El Gobierno amplió este viernes el alcance de la baja de retenciones para el campo, anunciada previamente por el presidente Javier Milei, que inicialmente contemplaba soja, trigo y cebada. La medida ahora incluirá también reducciones graduales para maíz, sorgo y girasol, además de subproductos agroindustriales. La presentación oficial se realizó en el Palacio de Hacienda, a cargo del ministro de Economía, Luis Caputo, acompañado por el secretario de Coordinación Productiva, Pablo Lavigne, y el secretario de Agricultura, Ganadería y Pesca, Sergio Iraeta.
En detalle:
- Soja y subproductos: actualmente al 24%, bajarán gradualmente hasta 15% hacia fines de 2028. El proceso comenzará en enero de 2027 con reducciones mensuales hasta alcanzar 21% en diciembre de ese año.
- Trigo y cebada: la reducción será inmediata, de 7,5% a 5,5%, a partir de junio de 2026.
- Maíz y sorgo: desde 8,5%, disminuirán trimestralmente hasta 7,5% a fines de 2027 y 5,5% en 2028.
- Girasol: desde 4,5%, tendrá reducciones semestrales hasta 3% en 2028.
Iraeta enfatizó que el cronograma fue publicado con antelación para evitar especulaciones entre los productores, asegurando previsibilidad en la comercialización y liquidación de granos. "Al tener claros los tiempos, sabés cuál va a ser la alícuota de la retención y, en función de eso, hacés tu negocio", afirmó.
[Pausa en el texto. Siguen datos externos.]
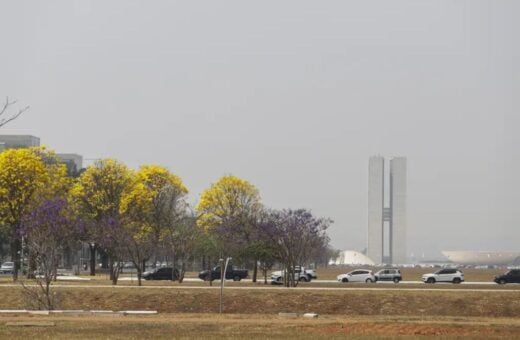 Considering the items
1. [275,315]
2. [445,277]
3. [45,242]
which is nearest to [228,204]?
[445,277]

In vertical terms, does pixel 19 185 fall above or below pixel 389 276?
above

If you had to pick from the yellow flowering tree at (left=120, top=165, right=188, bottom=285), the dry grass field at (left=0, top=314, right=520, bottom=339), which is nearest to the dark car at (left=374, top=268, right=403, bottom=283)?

Razones del Gobierno para la medida
Según explicó Iraeta, la decisión de aliviar las retenciones responde al incremento de costos para el sector, especialmente en fertilizantes e insumos vinculados al petróleo tras la escalada del conflicto en Medio Oriente. "El costo de los insumos explotó en términos de precios. La idea era aliviar esa suba", señaló.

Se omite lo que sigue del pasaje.